Was die Rücktrittswelle beim ÖSV zu bedeuten hat
Auch der mächtige Skiverband stellt sich komplett neu auf. Die neue Führungsriege distanziert sich von der Ära Schröcksnadel
Keine zwei Monate ist es her, dass sich beim Österreichischen Skiverband (ÖSV) alle in den Armen lagen. Symbolisch zumindest – in Zeiten von Corona ist zu viel Nähe nicht angebracht. 15 Medaillen hatten die Athletinnen und Athleten bei den Winterspielen in Peking errungen – die zweitbeste Ausbeute der Geschichte.
„Einfach großartig. Ich glaube, wir waren gut vorbereitet und daher auch diese tolle Bilanz“, sagte Präsidentin Roswitha Stadlober.
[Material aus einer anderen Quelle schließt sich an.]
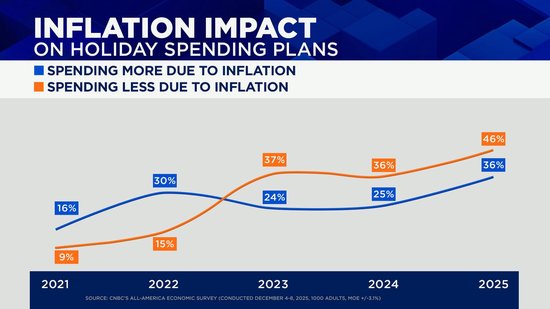 美国消费者新闻与商业频道全美经济调查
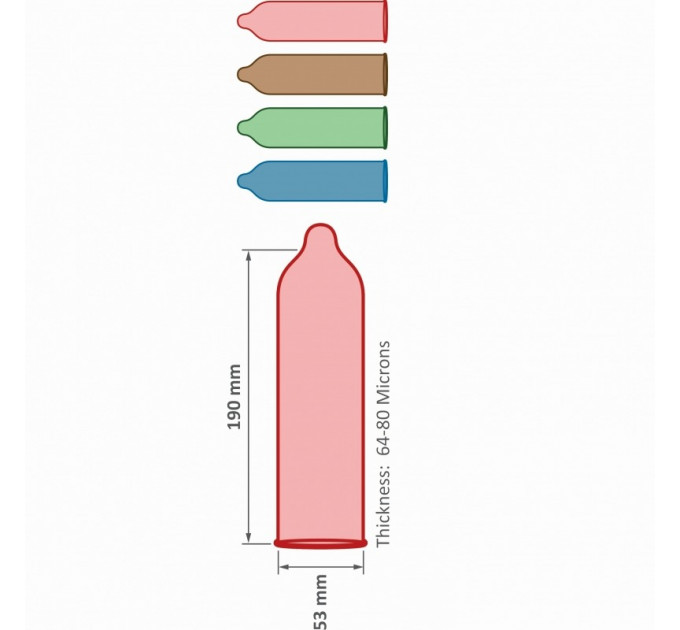 Презервативы оральные Pasante Strawberry Flavour, 144 шт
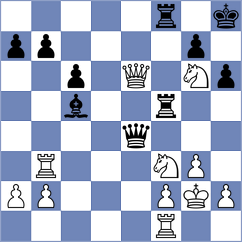 Harsha - Mortazavi (chess.com INT, 2023)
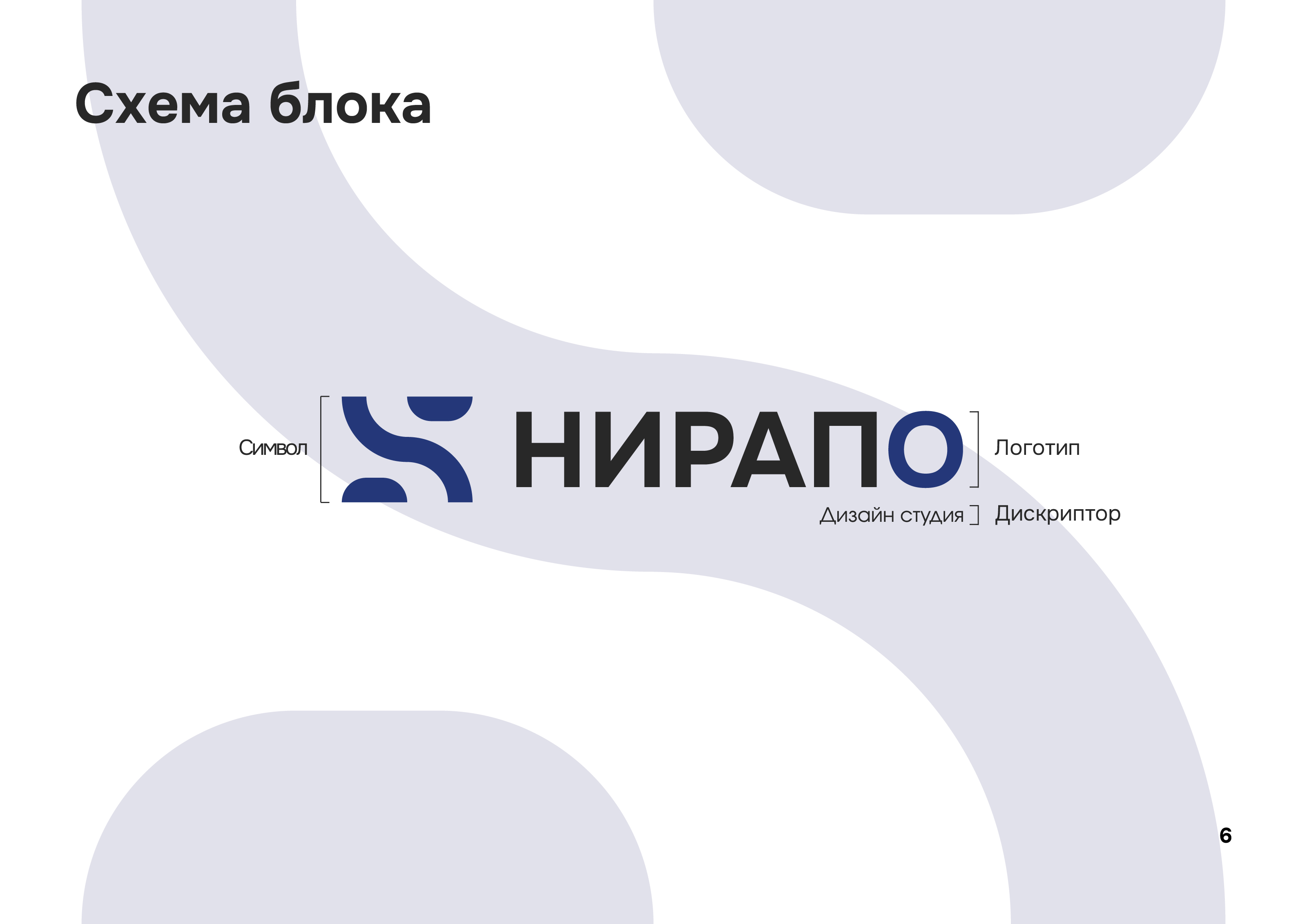 Nirapo | Brandbook — Изображение №6 — Брендинг, Графика на Dprofile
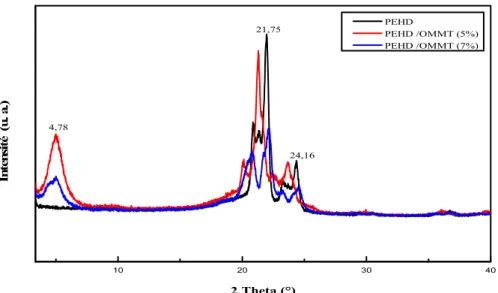 Figure V.9  Diffractogrammes RX des nanocomposite PEHD/OMMT à différents taux de  montmorillonite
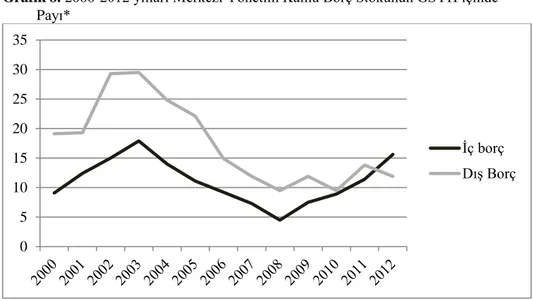 Grafik 8. 2000-2012 yılları Merkezi Yönetim Kamu Borç Stokunun GSYH içinde            Payı* 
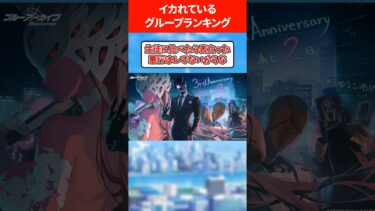 イカれているグループランキング #ブルアカ #ブルーアーカイブ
Die Bilanz nach dem Winter liest sich freilich anders: Der
Cheftrainer der österreichischen Ski-Herren, Andreas Puelacher, ist ebenso Geschichte wie sein Pendant bei den Damen (Christian Mitter). Dazu kamen die Rücktritte von Alpindirektor Patrick Riml und am Mittwochabend noch jener von Sportdirektor Toni Giger.
Der 59-jährige Salzburger war als Direktor für alle olympischen Sportarten die höchste sportliche Instanz.
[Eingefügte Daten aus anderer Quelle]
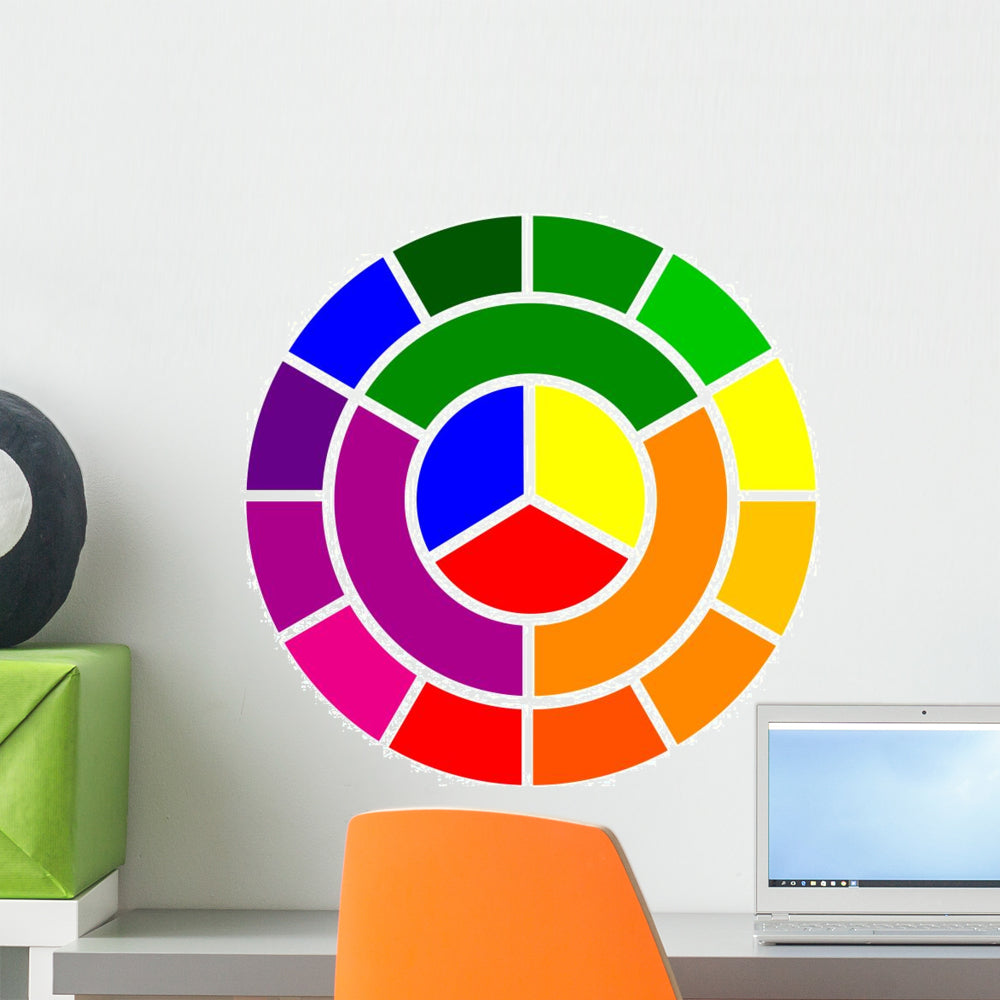 Color Wheel Vector – Wallmonkeys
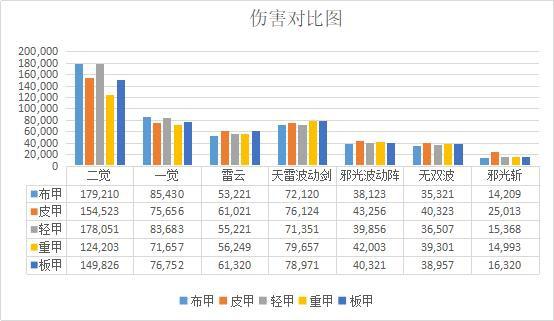 稳定70级地下城私服433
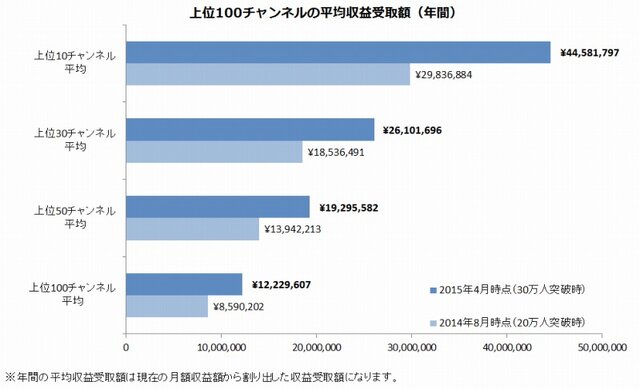 「ニコニコチャンネル」有料登録者数が30万人突破、上位の平均収益受取額も公開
Dieser Umbruch wirft Fragen auf, vor allem weil sämtliche Führungskräfte aus freien Stücken den bedeutendsten Skiverband der Welt verließen. Einige Rücktritte,
wie etwa jener von Herren-Trainer Puelacher, sollen direkt mit der Personalie Giger und dessen Machtfülle zu tun haben. Während der Winterspiele in Peking hat der Sportdirektor mit seiner Meinung jedenfalls nicht hinterm Berg gehalten. Wenn es etwa um die Aufstellung der Läufer ging, selbst bei der Wahl der Startnummern soll er Ratschläge erteilt haben.
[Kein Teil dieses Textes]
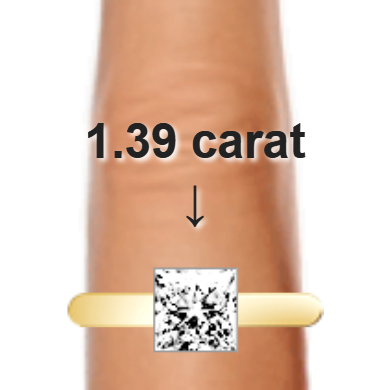 1.39ct princess diamond (6.15×6.15mm) shown on ring and finger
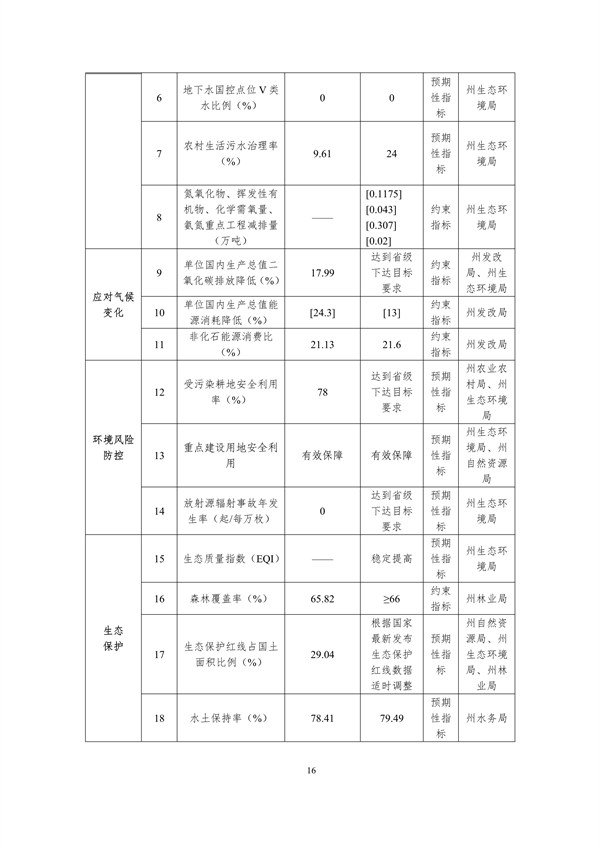 《黔南州“十四五”生态环境保护规划》发布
Die Vorkommnisse dürften in der höchsten ÖSVEbene jedenfalls für Irritationen gesorgt haben. Mag sein, dass unter dem alten Präsidenten Peter Schröcksnadel alles unter den Teppich
gekehrt worden wäre. Doch mit Roswitha Stadlober und ihrem Vize Patrick Ortlieb sind nun zwei Personen am Ruder, die – erstens – in ihrer aktiven Zeit selbst Stars waren und über das entsprechende Know-how verfügen und – zweitens – dank ihrer Töchter andere Einblicke in das System und die Arbeit im ÖSV haben.
Begabte Töchter
Teresa Stadlober (29) holte in Peking als erste Österreicherin eine Langlauf-Medaille bei Olympischen Spielen, Skirennläuferin Nina Ortlieb (26) ist immerhin einfache Weltcupsiegerin.
Aber nicht nur das Auftreten von Toni Giger während der Winterspiele dürfte in der Führungsetage für Verstimmung gesorgt haben. Der Sportdirektor ließ nach dem Erlöschen des Olympischen Feuers auf Eigeninitiative auch über den offiziellen Weg eine ÖSV-Aussendung verschicken, in der er eine „persönliche“OlympiaBilanz zog. Wenige Tage später trennte sich der ÖSV von seinem Pressesprecher.
Und auch Giger stand seither unter Beobachtung. Der Posten des mächtigen Sportdirektors wird laut Informationen des KURIER nicht mehr nachbesetzt.